Author gives tips on 'How to Talk,' listen to children

May 07, 1993|By Stephanie Shapiro | Stephanie Shapiro,Staff Writer

By allowing children to air hostility, fear and pain, we allow them to become emotionally healthy adults who pass their well-being to their children, Adele Faber says.

Since the mid-1970s, in books, workshops and video series, Mrs. Faber and Elaine Mazlish, a co-author, have taught parents how to listen to their children and allow them to express their feelings honestly.

Sound parenting does not come naturally, Mrs. Faber says. "Everything I teach is so against the mainstream of the culture," she says by phone from her New York home. "The mainstream is put-downs, sarcasm, ordering and lecturing, warning and threatening, and naming, shaming and blaming."
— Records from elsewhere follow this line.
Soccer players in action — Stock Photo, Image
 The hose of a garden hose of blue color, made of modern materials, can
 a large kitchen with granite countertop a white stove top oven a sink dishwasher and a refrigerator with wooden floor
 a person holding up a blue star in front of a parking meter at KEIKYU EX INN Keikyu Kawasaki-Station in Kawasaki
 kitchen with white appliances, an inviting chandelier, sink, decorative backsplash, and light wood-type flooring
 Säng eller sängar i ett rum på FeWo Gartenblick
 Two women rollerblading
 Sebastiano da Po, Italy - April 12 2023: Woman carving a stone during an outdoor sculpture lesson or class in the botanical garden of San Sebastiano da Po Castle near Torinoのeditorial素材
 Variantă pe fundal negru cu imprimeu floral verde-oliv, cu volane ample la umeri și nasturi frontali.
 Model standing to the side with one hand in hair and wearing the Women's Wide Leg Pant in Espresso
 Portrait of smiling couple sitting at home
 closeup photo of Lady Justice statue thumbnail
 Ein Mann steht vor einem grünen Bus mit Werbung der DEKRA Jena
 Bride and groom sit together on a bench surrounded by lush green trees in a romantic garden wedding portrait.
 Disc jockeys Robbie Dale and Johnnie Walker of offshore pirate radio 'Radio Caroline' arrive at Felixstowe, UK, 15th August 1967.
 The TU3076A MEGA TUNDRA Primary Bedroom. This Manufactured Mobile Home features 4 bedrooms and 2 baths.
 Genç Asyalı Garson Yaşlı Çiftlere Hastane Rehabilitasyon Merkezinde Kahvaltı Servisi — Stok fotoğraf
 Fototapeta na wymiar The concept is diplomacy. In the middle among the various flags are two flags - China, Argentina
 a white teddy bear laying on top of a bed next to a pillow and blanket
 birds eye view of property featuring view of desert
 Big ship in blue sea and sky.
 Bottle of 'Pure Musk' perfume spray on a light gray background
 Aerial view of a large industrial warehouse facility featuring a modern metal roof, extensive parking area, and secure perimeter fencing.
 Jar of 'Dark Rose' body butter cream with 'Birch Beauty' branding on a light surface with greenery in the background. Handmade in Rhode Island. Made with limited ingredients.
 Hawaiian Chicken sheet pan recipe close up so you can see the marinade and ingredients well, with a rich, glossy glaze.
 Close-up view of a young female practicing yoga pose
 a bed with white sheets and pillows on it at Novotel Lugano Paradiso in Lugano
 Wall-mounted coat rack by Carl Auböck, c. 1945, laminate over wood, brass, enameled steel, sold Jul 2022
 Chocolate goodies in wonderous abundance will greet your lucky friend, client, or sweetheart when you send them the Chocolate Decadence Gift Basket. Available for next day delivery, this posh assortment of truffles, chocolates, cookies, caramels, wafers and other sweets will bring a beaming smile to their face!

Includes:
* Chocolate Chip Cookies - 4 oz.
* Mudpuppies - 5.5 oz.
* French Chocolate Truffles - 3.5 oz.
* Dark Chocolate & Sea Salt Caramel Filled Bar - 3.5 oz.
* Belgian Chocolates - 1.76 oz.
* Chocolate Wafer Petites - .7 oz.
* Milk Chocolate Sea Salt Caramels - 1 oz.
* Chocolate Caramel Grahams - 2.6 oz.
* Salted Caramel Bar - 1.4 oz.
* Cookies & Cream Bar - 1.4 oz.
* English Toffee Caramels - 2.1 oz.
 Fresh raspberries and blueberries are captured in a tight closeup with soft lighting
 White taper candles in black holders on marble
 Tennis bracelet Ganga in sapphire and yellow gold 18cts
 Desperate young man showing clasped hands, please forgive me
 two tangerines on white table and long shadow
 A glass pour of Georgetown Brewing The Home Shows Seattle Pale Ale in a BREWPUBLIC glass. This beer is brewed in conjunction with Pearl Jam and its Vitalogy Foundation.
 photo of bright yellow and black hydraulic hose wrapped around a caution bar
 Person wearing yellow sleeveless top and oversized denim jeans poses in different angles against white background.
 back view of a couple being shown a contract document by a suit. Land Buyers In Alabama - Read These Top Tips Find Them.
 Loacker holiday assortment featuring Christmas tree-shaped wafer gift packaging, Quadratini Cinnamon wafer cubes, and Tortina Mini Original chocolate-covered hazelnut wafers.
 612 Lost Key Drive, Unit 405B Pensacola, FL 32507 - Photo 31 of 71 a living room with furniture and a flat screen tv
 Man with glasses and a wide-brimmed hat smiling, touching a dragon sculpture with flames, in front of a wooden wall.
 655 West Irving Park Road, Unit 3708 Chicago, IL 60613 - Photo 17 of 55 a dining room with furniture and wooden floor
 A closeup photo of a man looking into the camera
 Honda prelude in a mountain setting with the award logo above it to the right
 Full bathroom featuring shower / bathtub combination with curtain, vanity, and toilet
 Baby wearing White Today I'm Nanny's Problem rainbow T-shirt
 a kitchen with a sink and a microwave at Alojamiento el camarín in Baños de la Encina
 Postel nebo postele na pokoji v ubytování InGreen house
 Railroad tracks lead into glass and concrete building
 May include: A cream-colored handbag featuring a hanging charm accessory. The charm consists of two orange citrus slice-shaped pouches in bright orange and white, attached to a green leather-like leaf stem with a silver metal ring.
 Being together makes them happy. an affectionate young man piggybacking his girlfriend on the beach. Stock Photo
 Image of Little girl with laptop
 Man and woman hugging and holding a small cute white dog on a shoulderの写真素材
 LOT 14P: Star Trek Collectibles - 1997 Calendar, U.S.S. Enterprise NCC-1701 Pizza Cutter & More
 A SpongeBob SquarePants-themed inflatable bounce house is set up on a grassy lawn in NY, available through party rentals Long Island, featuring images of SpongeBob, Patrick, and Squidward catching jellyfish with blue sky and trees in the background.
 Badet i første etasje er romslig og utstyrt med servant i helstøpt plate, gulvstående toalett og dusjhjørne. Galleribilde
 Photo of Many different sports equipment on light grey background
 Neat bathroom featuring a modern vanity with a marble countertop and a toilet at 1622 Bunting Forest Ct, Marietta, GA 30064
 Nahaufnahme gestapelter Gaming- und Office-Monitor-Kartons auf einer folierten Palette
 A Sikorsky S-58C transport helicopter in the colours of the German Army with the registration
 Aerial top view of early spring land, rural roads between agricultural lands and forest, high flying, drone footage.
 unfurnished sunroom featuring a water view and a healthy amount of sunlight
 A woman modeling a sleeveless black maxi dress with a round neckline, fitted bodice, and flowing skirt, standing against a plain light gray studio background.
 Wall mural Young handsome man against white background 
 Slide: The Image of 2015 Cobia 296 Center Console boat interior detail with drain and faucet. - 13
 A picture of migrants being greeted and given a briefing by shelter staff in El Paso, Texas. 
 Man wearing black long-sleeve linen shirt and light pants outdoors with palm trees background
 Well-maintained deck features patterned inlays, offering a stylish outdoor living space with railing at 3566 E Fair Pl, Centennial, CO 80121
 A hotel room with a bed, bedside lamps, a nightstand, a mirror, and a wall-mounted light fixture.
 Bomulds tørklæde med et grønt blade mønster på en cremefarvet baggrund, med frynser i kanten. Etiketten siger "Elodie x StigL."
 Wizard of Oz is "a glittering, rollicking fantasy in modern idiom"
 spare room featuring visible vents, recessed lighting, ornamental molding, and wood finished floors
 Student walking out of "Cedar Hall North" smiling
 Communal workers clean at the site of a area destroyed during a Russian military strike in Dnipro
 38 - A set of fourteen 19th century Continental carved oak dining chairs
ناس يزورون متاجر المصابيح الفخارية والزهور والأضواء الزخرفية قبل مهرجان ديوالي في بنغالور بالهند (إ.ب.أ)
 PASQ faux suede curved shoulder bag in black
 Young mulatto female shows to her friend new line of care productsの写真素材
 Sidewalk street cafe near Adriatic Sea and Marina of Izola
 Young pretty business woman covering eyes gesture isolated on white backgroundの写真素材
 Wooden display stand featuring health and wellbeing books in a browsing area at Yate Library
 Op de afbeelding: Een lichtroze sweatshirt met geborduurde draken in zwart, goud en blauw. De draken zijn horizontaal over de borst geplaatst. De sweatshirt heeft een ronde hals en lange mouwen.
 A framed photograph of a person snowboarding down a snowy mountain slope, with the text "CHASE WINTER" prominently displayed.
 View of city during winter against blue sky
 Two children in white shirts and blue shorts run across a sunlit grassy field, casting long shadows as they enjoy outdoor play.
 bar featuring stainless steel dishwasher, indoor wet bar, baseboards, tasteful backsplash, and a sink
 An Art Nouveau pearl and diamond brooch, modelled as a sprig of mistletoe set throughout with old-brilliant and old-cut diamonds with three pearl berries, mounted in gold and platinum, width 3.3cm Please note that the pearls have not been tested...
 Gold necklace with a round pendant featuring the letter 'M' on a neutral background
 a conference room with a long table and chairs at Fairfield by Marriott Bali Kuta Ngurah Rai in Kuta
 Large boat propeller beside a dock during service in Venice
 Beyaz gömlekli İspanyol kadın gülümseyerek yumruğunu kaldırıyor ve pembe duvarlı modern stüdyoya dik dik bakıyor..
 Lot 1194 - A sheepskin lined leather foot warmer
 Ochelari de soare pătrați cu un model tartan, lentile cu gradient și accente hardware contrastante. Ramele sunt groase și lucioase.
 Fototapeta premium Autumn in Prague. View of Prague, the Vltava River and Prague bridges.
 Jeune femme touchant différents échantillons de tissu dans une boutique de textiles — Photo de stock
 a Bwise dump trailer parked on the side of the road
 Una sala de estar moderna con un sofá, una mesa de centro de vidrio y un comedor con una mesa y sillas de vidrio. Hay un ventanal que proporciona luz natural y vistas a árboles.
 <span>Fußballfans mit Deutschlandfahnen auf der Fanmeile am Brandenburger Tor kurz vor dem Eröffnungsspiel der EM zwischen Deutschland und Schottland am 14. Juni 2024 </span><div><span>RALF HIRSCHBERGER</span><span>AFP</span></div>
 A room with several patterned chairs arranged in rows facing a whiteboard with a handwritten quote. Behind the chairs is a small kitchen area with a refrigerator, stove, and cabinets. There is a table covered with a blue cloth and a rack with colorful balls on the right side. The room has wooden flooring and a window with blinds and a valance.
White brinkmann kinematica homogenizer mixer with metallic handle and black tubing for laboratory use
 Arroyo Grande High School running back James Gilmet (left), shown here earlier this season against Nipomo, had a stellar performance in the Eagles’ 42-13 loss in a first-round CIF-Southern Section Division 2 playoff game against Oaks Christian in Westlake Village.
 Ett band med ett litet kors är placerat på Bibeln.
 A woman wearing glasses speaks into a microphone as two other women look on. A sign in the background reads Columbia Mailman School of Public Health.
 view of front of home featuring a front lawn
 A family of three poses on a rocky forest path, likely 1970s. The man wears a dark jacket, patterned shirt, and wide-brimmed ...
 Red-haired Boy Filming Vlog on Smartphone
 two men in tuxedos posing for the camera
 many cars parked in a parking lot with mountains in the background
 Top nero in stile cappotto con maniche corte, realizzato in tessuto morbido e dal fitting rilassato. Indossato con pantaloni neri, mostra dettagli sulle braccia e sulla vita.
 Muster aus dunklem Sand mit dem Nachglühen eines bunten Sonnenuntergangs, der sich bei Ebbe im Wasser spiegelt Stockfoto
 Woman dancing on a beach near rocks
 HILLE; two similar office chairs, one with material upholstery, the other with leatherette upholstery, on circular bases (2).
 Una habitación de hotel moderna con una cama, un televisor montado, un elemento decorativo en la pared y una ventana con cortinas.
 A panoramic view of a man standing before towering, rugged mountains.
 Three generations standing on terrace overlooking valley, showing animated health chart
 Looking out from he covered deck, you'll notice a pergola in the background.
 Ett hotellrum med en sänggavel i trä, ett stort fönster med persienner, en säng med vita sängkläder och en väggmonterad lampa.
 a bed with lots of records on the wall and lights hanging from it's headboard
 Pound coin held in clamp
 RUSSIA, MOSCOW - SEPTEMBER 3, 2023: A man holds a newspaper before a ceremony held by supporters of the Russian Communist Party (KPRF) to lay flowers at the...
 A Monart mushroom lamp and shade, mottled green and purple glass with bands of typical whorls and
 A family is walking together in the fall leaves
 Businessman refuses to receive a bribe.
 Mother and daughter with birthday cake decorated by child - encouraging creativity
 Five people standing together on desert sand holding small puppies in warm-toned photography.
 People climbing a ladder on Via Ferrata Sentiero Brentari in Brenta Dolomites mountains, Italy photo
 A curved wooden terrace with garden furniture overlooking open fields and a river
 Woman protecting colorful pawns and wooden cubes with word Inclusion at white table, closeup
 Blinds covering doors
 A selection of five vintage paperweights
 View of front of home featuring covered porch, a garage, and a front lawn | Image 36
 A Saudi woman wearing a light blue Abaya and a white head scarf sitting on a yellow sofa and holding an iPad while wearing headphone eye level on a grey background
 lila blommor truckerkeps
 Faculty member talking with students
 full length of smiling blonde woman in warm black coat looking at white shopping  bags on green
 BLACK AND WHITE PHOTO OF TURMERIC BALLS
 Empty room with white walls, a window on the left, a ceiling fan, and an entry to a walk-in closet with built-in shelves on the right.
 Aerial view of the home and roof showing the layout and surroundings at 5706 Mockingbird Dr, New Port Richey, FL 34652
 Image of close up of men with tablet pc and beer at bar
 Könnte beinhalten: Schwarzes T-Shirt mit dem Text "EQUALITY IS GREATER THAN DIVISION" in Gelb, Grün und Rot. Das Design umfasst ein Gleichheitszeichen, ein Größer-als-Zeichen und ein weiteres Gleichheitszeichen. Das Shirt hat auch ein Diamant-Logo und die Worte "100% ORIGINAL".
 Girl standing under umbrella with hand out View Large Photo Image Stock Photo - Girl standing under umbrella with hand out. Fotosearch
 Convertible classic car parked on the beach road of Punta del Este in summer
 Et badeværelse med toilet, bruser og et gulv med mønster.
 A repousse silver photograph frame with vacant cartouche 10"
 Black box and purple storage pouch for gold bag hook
Tonight, at the College of Notre Dame of Maryland, the Maryland Committee for Children presents "How to Talk So Kids Will Listen & Listen So Kids Will Talk," a lecture by Mrs. Faber, derived from her book of the same title.

In honor of Maryland Week of the Working Parent, Mrs. Faber will also lead a parenting-skills workshop tomorrow morning.

Mrs. Faber and Mrs. Mazlish met while studying with the late child psychologist Haim Ginott. Together, they devised a system of skills based on his work and interviews with hundreds of parents and grown children.

In "How to Talk," as well as in "Siblings Without Rivalry," "Liberated Parents/Liberated Children" and "Between Brothers and Sisters" -- published around the world in a dozen languages -- the co-authors reconfigure ways parents can cope with daily issues, from mediating between two children arguing over a toy to establishing discipline and domestic order.

As well as discussing key issues and leading readers through written exercises and role playing, the authors provide amusing cartoons that distinguish between unhealthy, knee-jerk responses to dilemmas and healthy, liberating responses.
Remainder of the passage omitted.